Si passa poi ai singoli individui. Abu Laith al-Libi, di evidente origine libiche, è stato ucciso circa due anni fa. Per la sua cattura gli Usa avevano posto una taglia di circa 200 mila dollari. Mentre di Tahir Yuldash, leader dell’“Islamic Movement of Uzbekistan – anch’egli “valutato” 200 mila dollari – le agenzie di intelligence non riescono a recuperare alcuna informazione ormai da anni. Ancora più illustre è il nome di Obaidullah Akhund, Ministro della Difesa del Governo talebano negli anni Novanta. Catturato nel 2007, è stato rilasciato nel maggio 2008 in circostanze poco chiare. I talebani parlano infatti di uno scambio con l’Ambasciatore pakistano in Afghanistan, Tariq Azizuddin, caduto nelle loro mani nel febbraio dello stesso anno. Secondo Asia Times, Baitullah Mehsud avrebbe pagato 20 milioni di rupie per il ritorno di Akhund tra i suoi uomini. La lista prosegue con tanti altri “numeri 2” la cui eliminazione avrebbe dovuto risolvere l’intero conflitto. Alla morte del Mullah Dadullah, nel maggio 2007, si è parlato chiaramente della decapitazione della leadership talebana. Lo stesso è stato scritto quando è stato ucciso Reza Khan, sempre nel 2007, e Ahmad Shah l’anno successivo. Di Qari Ahmadullah, fondatore dello “United Islamic Front for the salvation of Afghanistan” e capo dell’intelligence talebana, non si hanno notizie da circa dieci anni. Altrettanto interessante è la figura del Mullah Abdul Ghafour, catturato nel 2007. In questo caso la coalizione occidentale non è mai stata certa di chi abbia arrestato. Quello di Ghafour infatti è un nome attribuito a tanti comandanti nemici. Ancora una volta tanti, troppi “numeri 2”. Infine bisogna menzionare il Mullah Mohammed Rabbani Akhund, co-fondatore (anche lui) insieme al Mullah Omar, del movimento talebano e Primo ministro del regime dal 1996 al 2001, anno in cui morì di cancro.

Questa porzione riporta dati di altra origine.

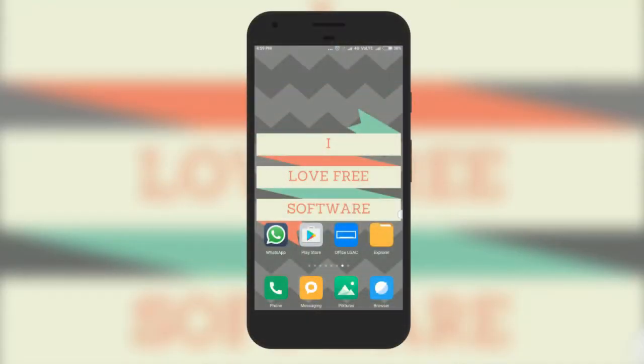Hello everyone, this is Rishu from ILoveFreeSoftware.com and today I am going to show you a WhatsApp trick to send zip files.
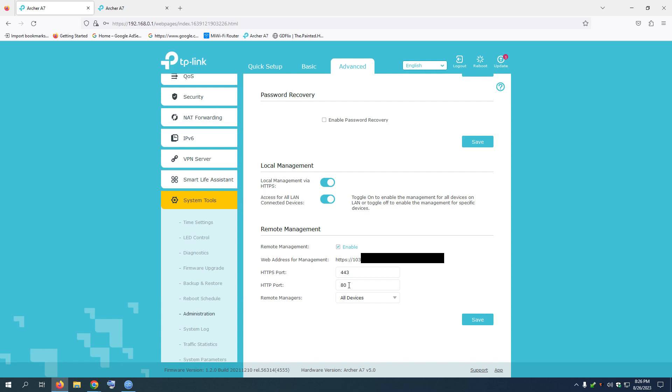Now, if you want to access the router from outside, click in the router. The router is set up and ready. There is a router.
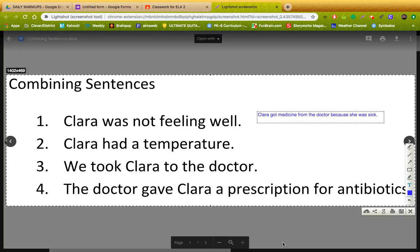So that's what I mean by combining sentences. Today I'm going to give you some more sentences, and I want you to try to combine them into one much simpler sentence. But that sentence you choose needs to grasp the main idea.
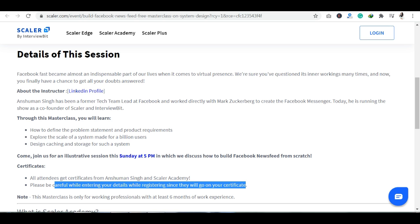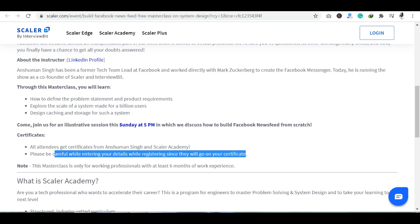इस master class में आपको सिखाया जाएगा — कैसे business setup कर सकते हैं, कैसे earn कर सकते हैं, और किस तरह से आप अपनी feed को build करें ताकि एक अच्छी presence आपकी बने on social media। इसके साथ साथ आपको यह भी सिखाया जाएगा कि आपके product की क्या requirement है, कैसे उसको define करना है, और किस तरह से आप अपनी profile को stand out कर सकते हैं among billions of users।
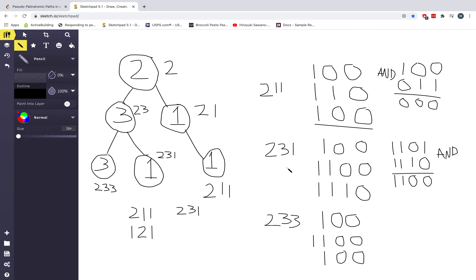For path 2, 3, 1: we set the bit at position 2 for the 2, then at position 3, then at position 1. We AND that bit string with itself minus 1, and we don't get all zeros — therefore it's not pseudopalindromic. For path 2, 3, 3: we get 1, 0, 0 after spotting the 2, then set the bit at position 3, then see another 3 so that 1 becomes a 0 due to XOR. At the end we have 1, 0, 0 — the same as for 2, 1, 1 — and the AND operation results in all zeros, so this path is pseudopalindromic.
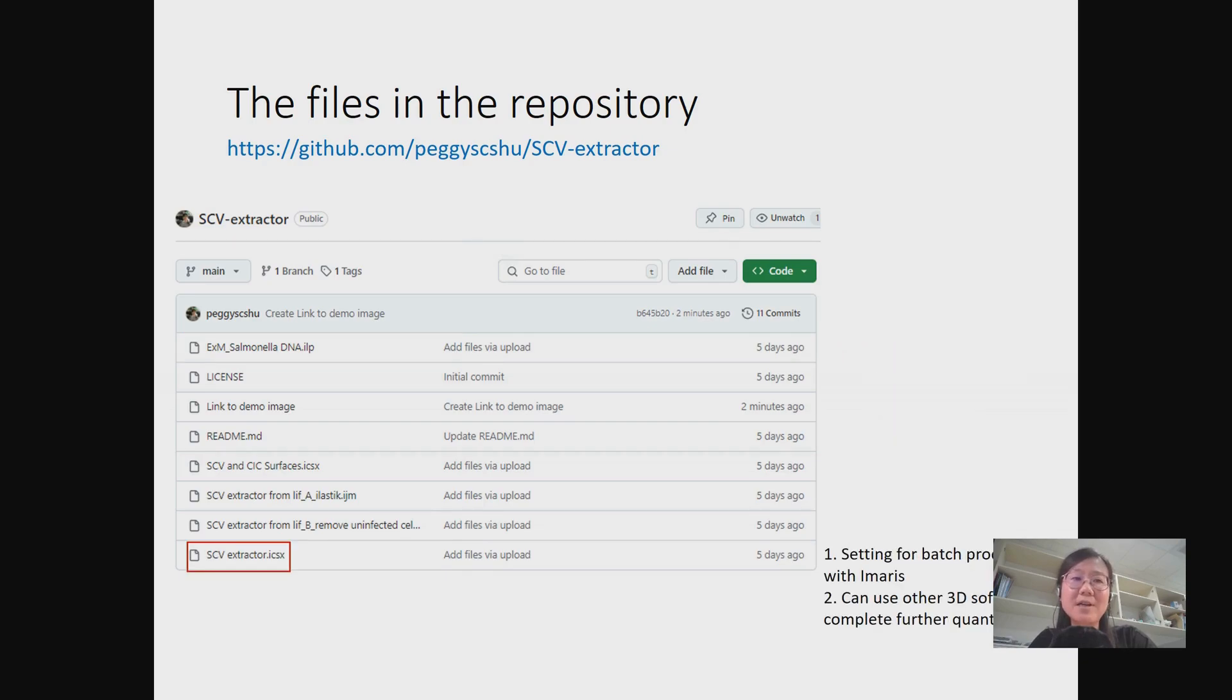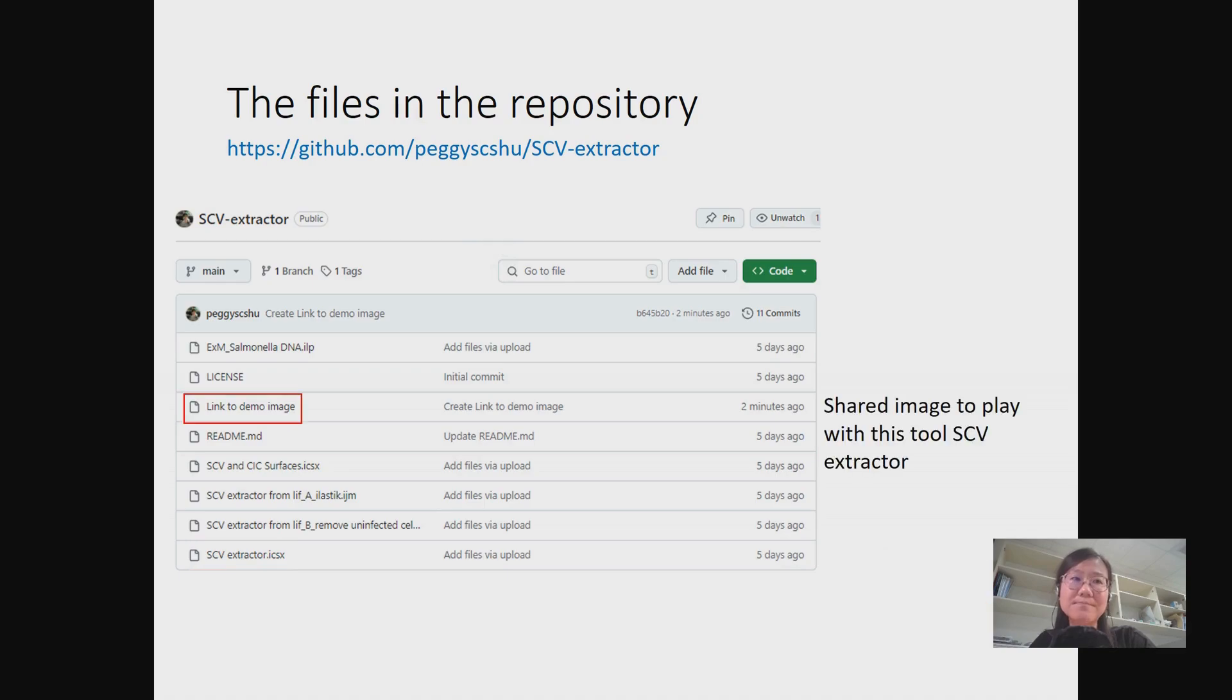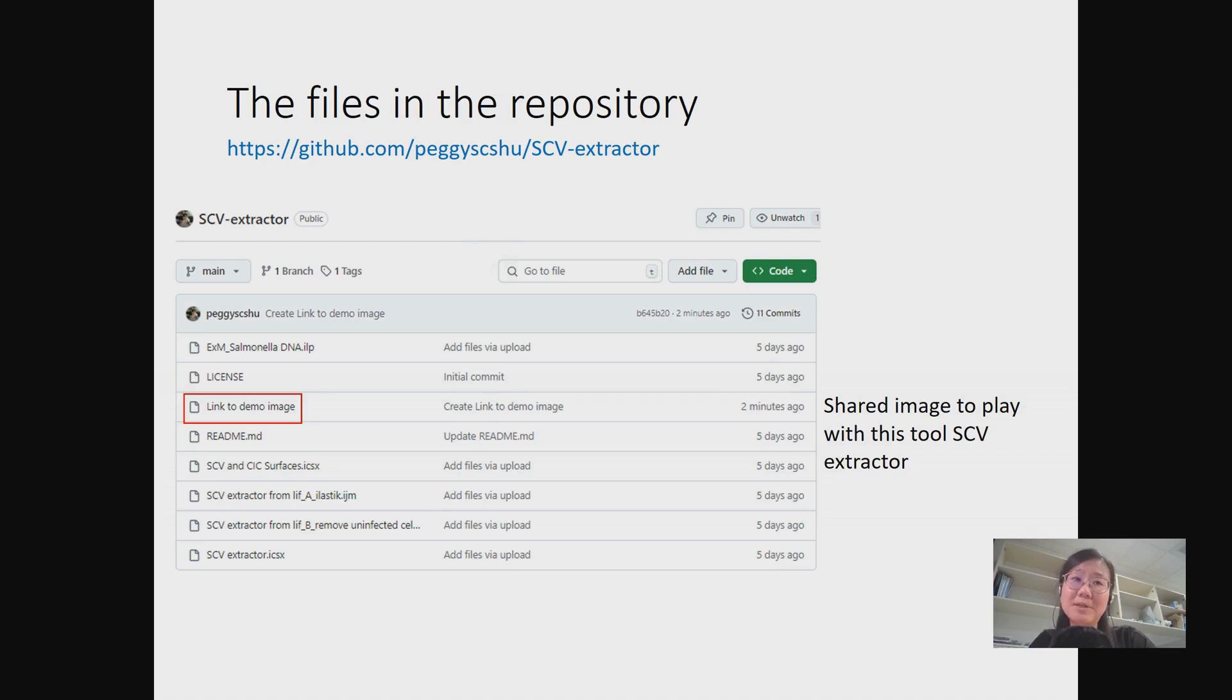After extraction, you can generate 3D modeling or quantify images with any software. Here I offered a setting for the batch process with Imaris. To make it easier, I shared two images for you to play with this tool. Please download the demo images from the offered link.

Da questo breve riepilogo, emerge una serie di elementi che fanno pensare quanto difficile resti la situazione dell’“Af-Pak war”. È evidente che a ogni eliminazione o cattura di un leader talebano si inneschi un meccanismo perverso di rigonfiamento della notizia. I comandi operativi e le agenzie di intelligence, soprattutto la Cia e l’Isi, sono portati a sottolineare il loro successo per dimostrare ai loro governi che il conflitto in Afghanistan si sta comunque evolvendo in senso positivo e che la cooperazione con il Pakistan ha la sua ragion d’essere. Lo stesso atteggiamento viene raccolto dalla classe politica in Occidente – a Washington in particolare – la quale di fronte agli elettori deve rispondere in modo convincente del perché combattiamo. Il film “Leoni per agnelli” di Robert Redford spiega come funzionino queste sottili manovre politiche. Infine arrivano i media, affamati di notizie da lanciare come “breaking news”. Volendo ridimensionare la situazione, bisogna ricordare che la guerra in corso non può essere conclusa grazie alla cattura di un solo uomo. Il movimento talebano in questi oltre otto anni di conflitto si è evoluto più volte. Ha assunto identità differenti, stringendo alleanze con movimenti di guerriglia che aspirano a obiettivi totalmente differenti dal suo. Lo stesso target dei talebani è mutato rispetto a quello originario. I legami con i mujaheddin uzbeki, gli indipendentisti kashmiri, i signori della droga e ovviamente al-Qaeda sono alleanze strumentali, che hanno provocato un aumento di visibilità dei leader delle singole realtà in armi. Per questo la recente cattura di Baradar necessita di essere, per alcuni aspetti, ridotta del suo peso specifico. La presa di un generale può significare la disgregazione della sua armata, ma non di tutto un esercito. Soprattutto perché del Mullah Omar o dello stesso Osama bin Laden, menti politiche che decidono la strategia al fronte, non si sa davvero nulla.